[Dataset entries]
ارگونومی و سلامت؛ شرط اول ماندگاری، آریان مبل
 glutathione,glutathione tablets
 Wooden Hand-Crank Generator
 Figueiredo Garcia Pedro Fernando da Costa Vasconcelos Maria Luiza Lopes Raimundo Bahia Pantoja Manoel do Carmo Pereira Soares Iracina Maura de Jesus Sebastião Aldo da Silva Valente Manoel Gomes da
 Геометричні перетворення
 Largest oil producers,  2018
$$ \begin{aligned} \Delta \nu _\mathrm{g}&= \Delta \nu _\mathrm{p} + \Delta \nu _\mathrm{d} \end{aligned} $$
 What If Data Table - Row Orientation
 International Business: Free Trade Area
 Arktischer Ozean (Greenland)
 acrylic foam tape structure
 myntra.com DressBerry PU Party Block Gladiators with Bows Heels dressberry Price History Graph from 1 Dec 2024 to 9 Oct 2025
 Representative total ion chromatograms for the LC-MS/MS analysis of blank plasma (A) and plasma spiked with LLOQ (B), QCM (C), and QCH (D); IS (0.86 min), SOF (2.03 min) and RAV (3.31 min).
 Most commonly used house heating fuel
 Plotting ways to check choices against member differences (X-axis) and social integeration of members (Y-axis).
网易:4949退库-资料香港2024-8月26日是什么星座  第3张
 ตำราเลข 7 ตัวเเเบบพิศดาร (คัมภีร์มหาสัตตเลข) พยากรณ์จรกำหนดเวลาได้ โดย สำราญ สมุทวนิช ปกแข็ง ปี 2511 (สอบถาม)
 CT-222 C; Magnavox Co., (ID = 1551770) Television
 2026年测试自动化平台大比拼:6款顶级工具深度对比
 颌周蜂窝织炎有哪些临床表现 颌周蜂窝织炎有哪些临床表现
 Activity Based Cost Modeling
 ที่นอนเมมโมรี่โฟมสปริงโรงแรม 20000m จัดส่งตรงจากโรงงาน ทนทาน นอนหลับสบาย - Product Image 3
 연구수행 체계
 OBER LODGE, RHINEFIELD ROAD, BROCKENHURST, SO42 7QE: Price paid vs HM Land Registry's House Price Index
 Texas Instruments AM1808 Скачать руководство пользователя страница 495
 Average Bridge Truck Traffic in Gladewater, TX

* _Exercise aim_: Return each line above where the word "Price" shows up.

* _Solution_:
 myntra.com DressBerry PU Party Block Gladiators with Bows Heels dressberry Price History Graph from 1 Dec 2024 to 9 Oct 2025
 OBER LODGE, RHINEFIELD ROAD, BROCKENHURST, SO42 7QE: Price paid vs HM Land Registry's House Price Index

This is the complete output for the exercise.